Although the Clinton administration, under pressure from state governments sympathetic to the Christian right, removed all questions regarding sexual orientation from its National Youth Risk Behavior Survey, some states have done their own. In a survey of nearly 4000 high school students by the Massachusetts Dept. of Education, kids who self-identified as gay, lesbian or bisexual were seven times more likely then other kids to have skipped school because they felt unsafe (22.2 percent versus 3.3). A 1997 study by the Vermont Dept. of Health found that gay kids were threatened or injured with a weapon at school three times more than straight kids (24 percent versus 8).

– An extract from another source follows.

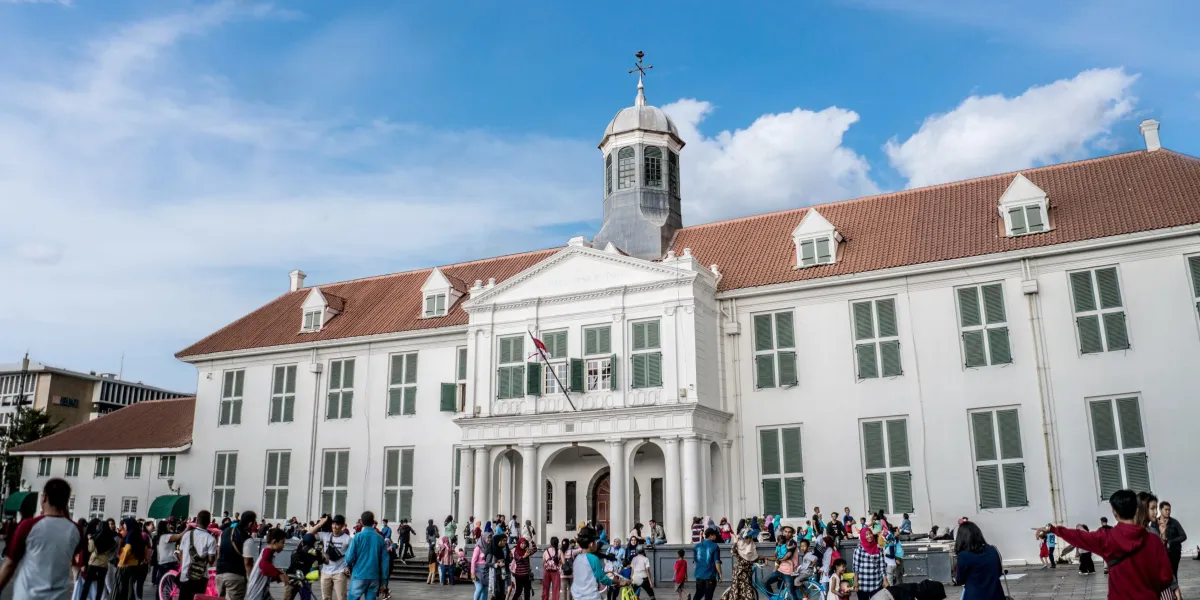 Jakarta’s Hidden Side: Kota Tua, Monas & Sunda Kelapa Harbor - Ekaputra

In pooh-poohing the questions on homophobic harassment and on AIDS the other night in Queens, you said your job was only to raise reading and math scores. Well, higher test scores mean nothing if you're dead from HIV. And it's very hard to study when you're being harassed. As Jon Lasser, an Austin, TX, school psychologist who studied hundreds of gay kids in the school system there, puts it, "Many of them have a form of post-traumatic stress syndrome that affects their schoolwork?fear of getting hurt really shakes them up and makes it hard to concentrate."

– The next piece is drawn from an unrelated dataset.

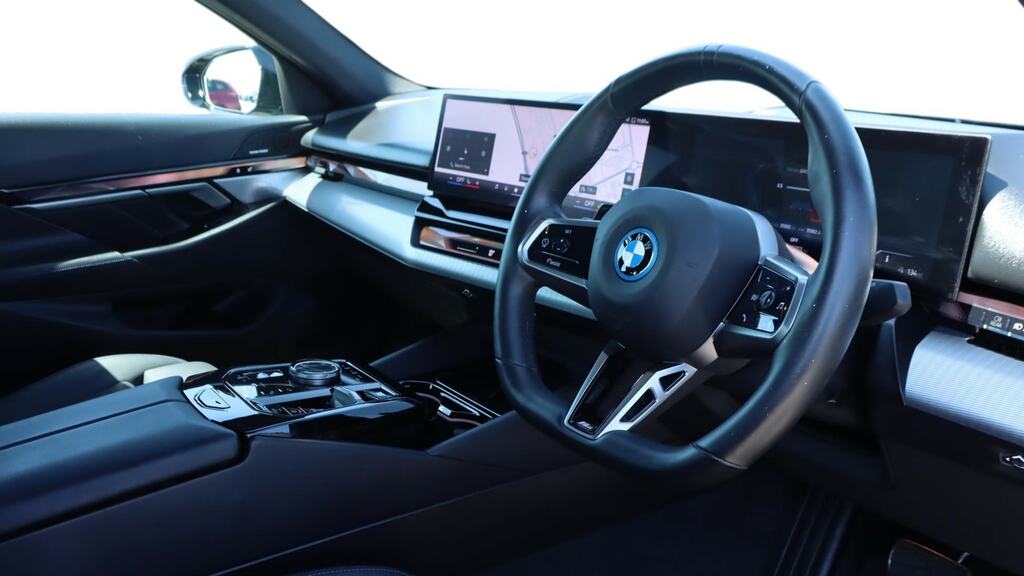 BMW i5 250Kw Edrive40 M Sport Pro 84Kwh Black #6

Taking school superintendents to hear Isaac Stern is all well and good, but on your next field trip you ought to take them to Harvey Milk High School, which is part of the city system. There you and they could listen to the all-gay student body's stories of the kinds of daily threats and harassment that drove them out of the regular schools (underfunded Harvey Milk has a waiting list of hundreds of kids desperate to escape from the reign of terror they experience in the other schools under your supervision). If you can't (or won't) try to persuade the current board to adopt policies to protect gay kids, at least you should speak out publicly in support of state Sen. Tom Duane's Dignity for All Students Act, modeled on the law of that same name passed by California. The Duane bill would bar discrimination and harassment in the schools, including on the basis of sexual orientation or gender as well as race and ethnicity; create programs to foster harassment-free school environments; and set up a reporting mechanism to compile data on bias incidents against students (the bill was approved by the Assembly Education Committee on May 23 by a 20-7 vote). So far, you've been silent on the bill (for that matter, so has the politically ambitious board president, Bill Thompson).

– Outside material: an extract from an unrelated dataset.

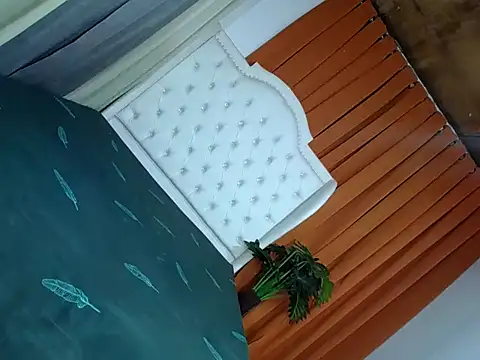 bigcock rhiana online show from April 21, 5:19 pm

If 110 Livingston St. has failed to protect all our kids from HIV and our gay kids from harassment it's in large measure because of the potent opposition from the homophobic Catholic Archdiocese and the ultra-Orthodox Jewish community. Now that's politics. But allowing these religious primitives to have a stranglehold on safe-sex and anti-bias education and protection programs flouts our country's historic tradition of the separation of church and state. Instead, you should set an example by speaking out against the harassment of our gay kids and on the need to protect all kids from AIDS. That's what real leadership means.
Doug Ireland is a contributing editor for POZ, the national monthly for the HIV-positive community.